Roh, aber ganz unaufgeregt

■ Kino, gediegen: Mit Verspätung startet jetzt Shohei Imamuras Der Aal in Hamburg

Erinnert sich noch jemand an Tampopo, den Film von Juzo Itami, der hauptsächlich eine These zu illustrieren versuchte: daß Essen im Grunde Sex sei? Erinnert man sich an den weißgekleideten Gentleman, der seine Partnerin in den Orgasmus treibt, indem er ihr mit seiner Zunge ein rohes Eidotter in den Mund schiebt?

An diesen großen dekadenten Mann jedenfalls sollte man zurückdenken, wenn jetzt mit reichlich Verspätung Shohei Imamuras preisgekrönter Film Der Aal ins Metropolis kommt. Denn eben dieser Koji Yakusho, der in Tampopo grundsätzlich alles – je glitschiger, desto lustvoller – in den Mund nahm, verbringt seine Tage in Der Aal damit, einen, oder besser: den Aal gerade nicht zu essen.
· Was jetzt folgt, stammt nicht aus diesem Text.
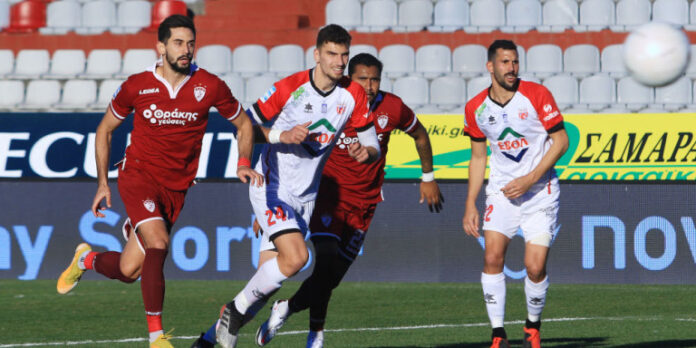 Super League: «Λευκή» ισοπαλία ανάμεσα σε Λάρισα και Βόλο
Vor gut acht Jahren nämlich hat Takuro in einem Eifersuchtsanfall seine Frau erstochen. Dafür kam er ins Gefängnis und weigerte sich fortan, auch nur ein einziges Wort zu sagen. Es war Takuro allerdings erlaubt, in seiner Waschschüssel einen aus der Gefängnisküche gemopsten Aal zu halten, und zu diesem so angenehm stummen Gefährten konnte Takuro dann doch reden. Bei seiner Entlassung nimmt er den Fisch mit.

Seine wiedergewonnene Freiheit nutzt Takuro hauptsächlich zum Angeln: Tagelang sitzt er am Ufer, fängt Fische und wirft sie wieder ins Wasser. Dabei lernt er den beinahe ebenso verschrobenen Takada kennen. Der brüstet sich, an die hundert verschiedene Methoden zum Fangen von Aalen zu beherrschen, und so ziehen die beiden jede Nacht aus, um die armen Aale zu fangen, respektive, man ahnt es schon, heimlich wieder freizulassen.

Es ist vielleicht nicht allgemein bekannt, daß die japanische Küche nicht nur rohen Fisch aufzuweisen hat. Speziell die Aale werden, besonders in der Romanvorlage des Films, sehr verschiedenen und meist überaus blutrünstigen Techniken der Zubereitung unterworfen. Daß Takuro also mit dem Essen im besonderen wie im allgemeinen seine Schwierigkeiten hat, ist offensichtlich. Dann rettet er die lebensmüde Keiko, sie verliebt sich in ihn, und Takuros Eßstörungen nehmen überhand. Jede Nacht wartet sie auf den zum Aalritual ausfahrenden Takuro, um ihm ein kleines Proviantpäckchen zu übergeben, und jede einzelne Nacht verweigert Takuro die Annahme. Das geht also einige Zeit so seinen Rainman-haften Gang, bis sich herausstellt, daß Keiko schwanger ist. Nicht von Takuro natürlich, sondern von ihrem Ex-Liebhaber. Der stellt sich als rechter Widerling heraus, und damit kann der Aal – der Fisch wie der Film – zu seinem vorhersagbaren Ende finden.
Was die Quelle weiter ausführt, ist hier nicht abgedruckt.